A Universidade Federal de Sergipe (UFS) voltou a ganhar destaque nacional ao alcançar nota máxima no Exame Nacional de Desempenho dos Estudantes da Medicina (Enamed). O resultado posiciona a instituição entre as melhores do Brasil na formação médica, em um cenário marcado por grandes disparidades de desempenho entre os cursos avaliados.
Ao todo, 351 cursos de Medicina participaram da avaliação em todo o país, mas apenas 49 instituições conseguiram alcançar a nota máxima. O dado chama ainda mais atenção diante do balanço divulgado pelo Instituto Nacional de Estudos e Pesquisas Educacionais Anísio Teixeira (INEP), que revelou que cerca de 30% dos cursos avaliados apresentaram desempenho insatisfatório, recebendo notas 1 e 2.
Mais de 100 cursos de Medicina ficaram nessa faixa considerada inadequada, o que acarreta penalidades como restrições no acesso ao Fies e suspensão da abertura de novas vagas. Em meio a esse cenário, o desempenho da UFS reforça o papel da universidade como referência na formação de profissionais da saúde.
Para falar sobre o significado dessa conquista, os impactos na formação médica e os reflexos na assistência à população, a repórter Raphaella Teles, do Portal Fan F1, conversou com o diretor do Centro de Ciências Biológicas e da Saúde (CCBS) da UFS, professor Charles dos Santos Estevam.
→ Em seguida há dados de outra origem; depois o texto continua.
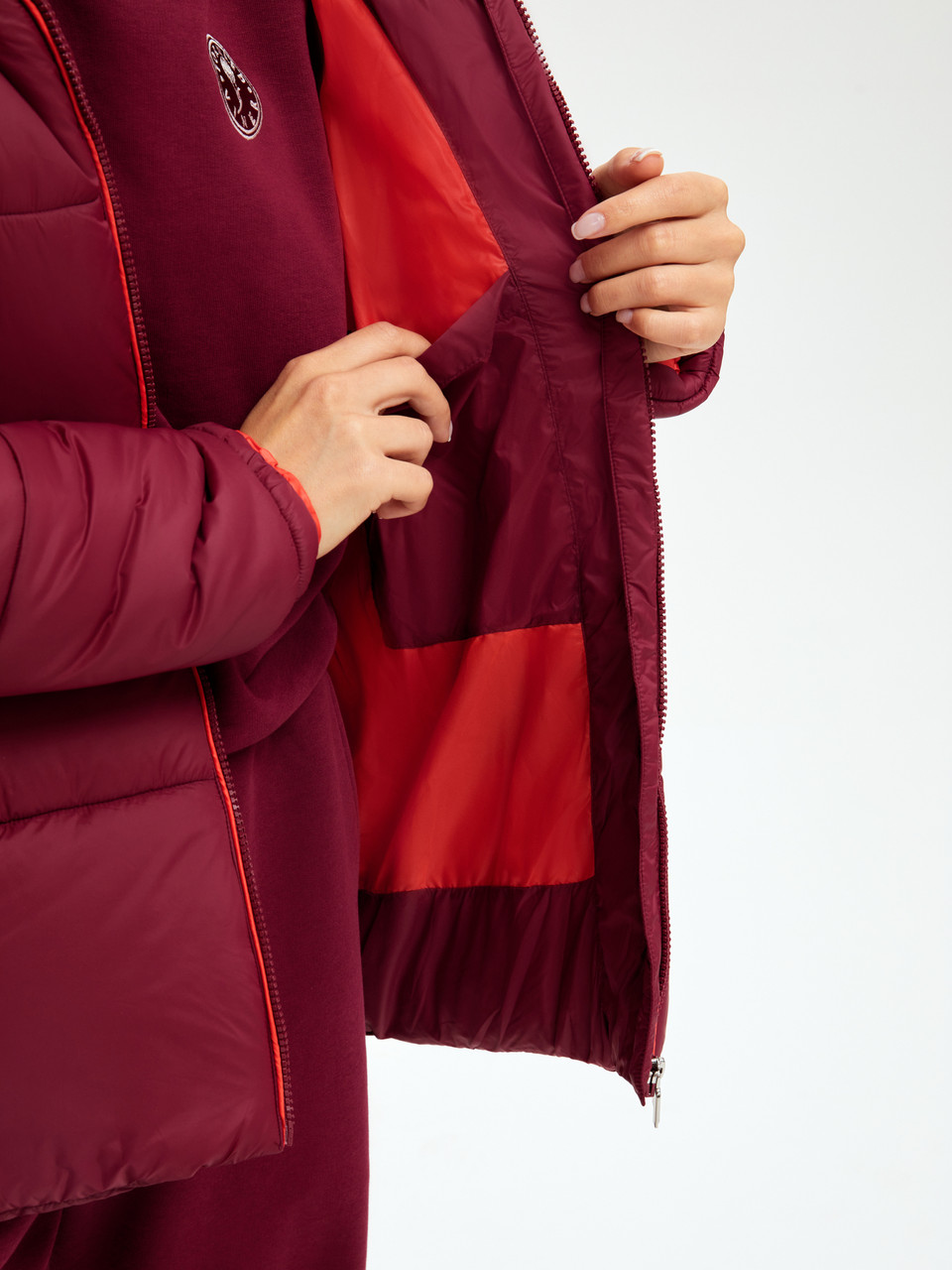 W08121V-RR232 Куртка утепленная женская с капюшоном фото 6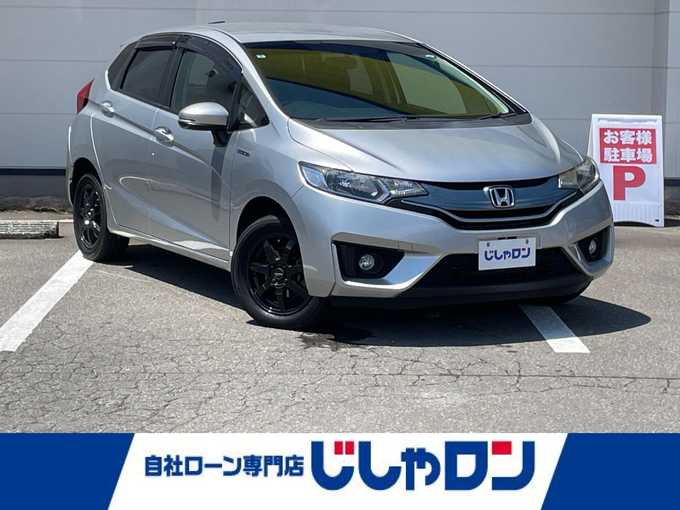 新着情報“フィットハイブリッドハイブリッド・Fパッケージ”2015年式アラバスターシルバーメタリック入荷しました！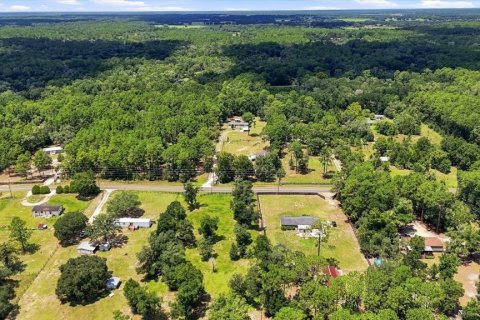 Villa ou maison à vendre à Dunnellon, Floride: 3 chambres, 144.28 m2 № 2303349 - photo 8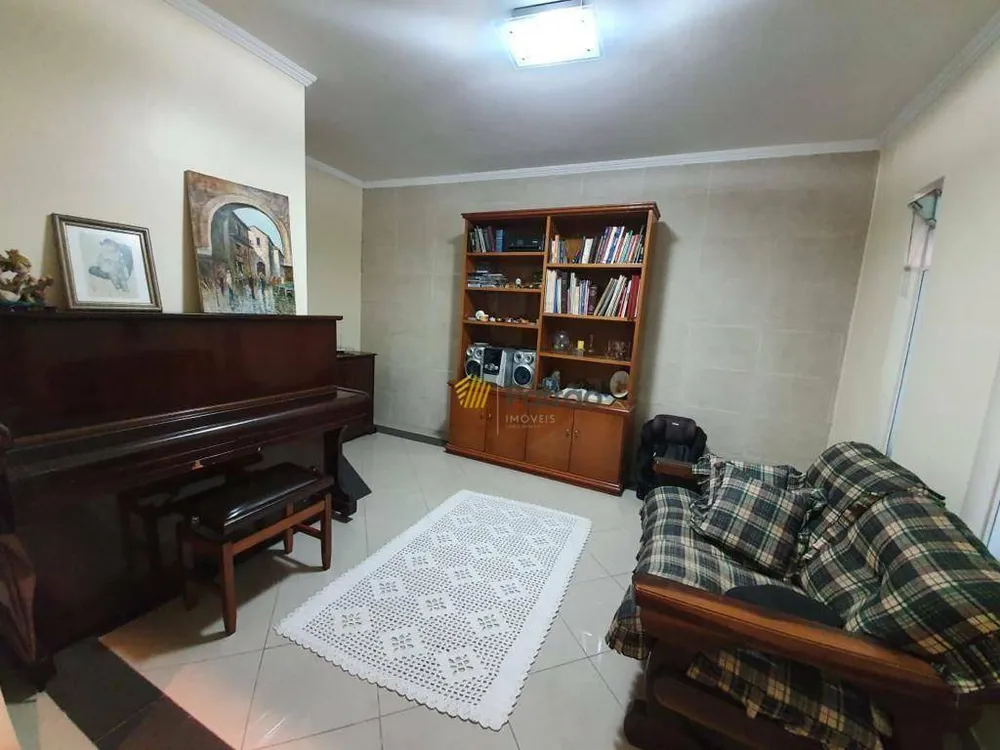 Casa, 4 quartos, 255 m² - Foto 3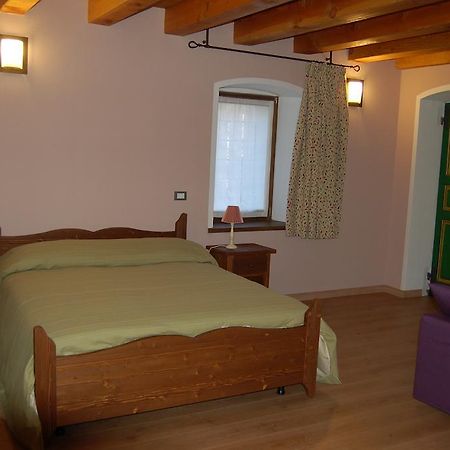 Bed and Breakfast Il Nocciolo Bard Exterior foto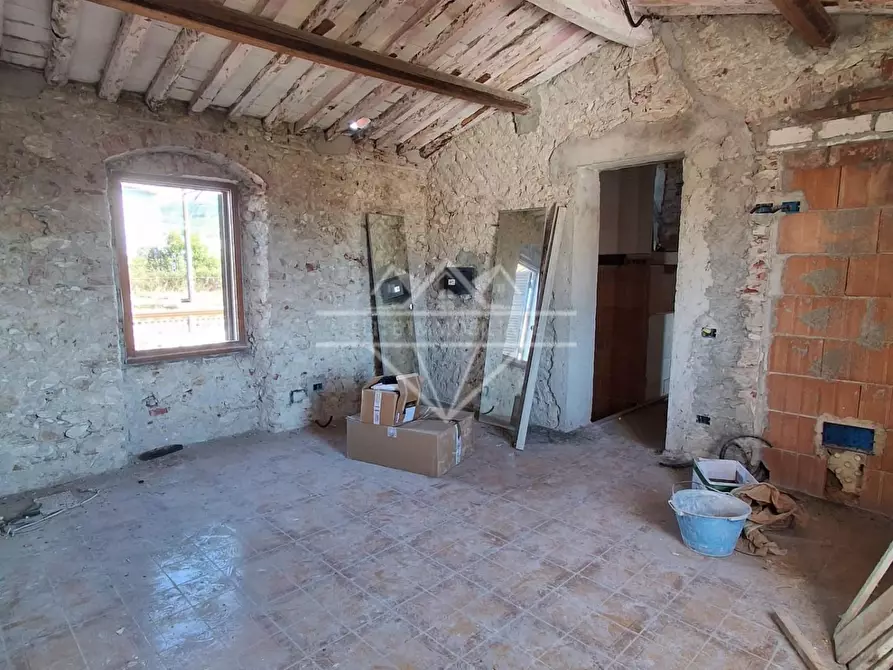 Immagine 12 di Casa semindipendente in vendita  a Carrara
Durante a entrevista, o gestor destacou a importância do resultado e os fatores que contribuem para o bom desempenho dos estudantes, como a qualidade do corpo docente, a estrutura acadêmica e a integração entre ensino, pesquisa e extensão.
“Esse resultado da avaliação do ENAMED mostra que estamos no caminho certo. Estamos entregando à sociedade profissionais qualificados, preparados, que são formados a partir de um corpo técnico altamente qualificado, que são os professores, os técnicos, os estudantes, a administração também que investe em toda essa estrutura. Porque não é só uma ação individual, é uma ação coletiva”, ressaltou o diretor.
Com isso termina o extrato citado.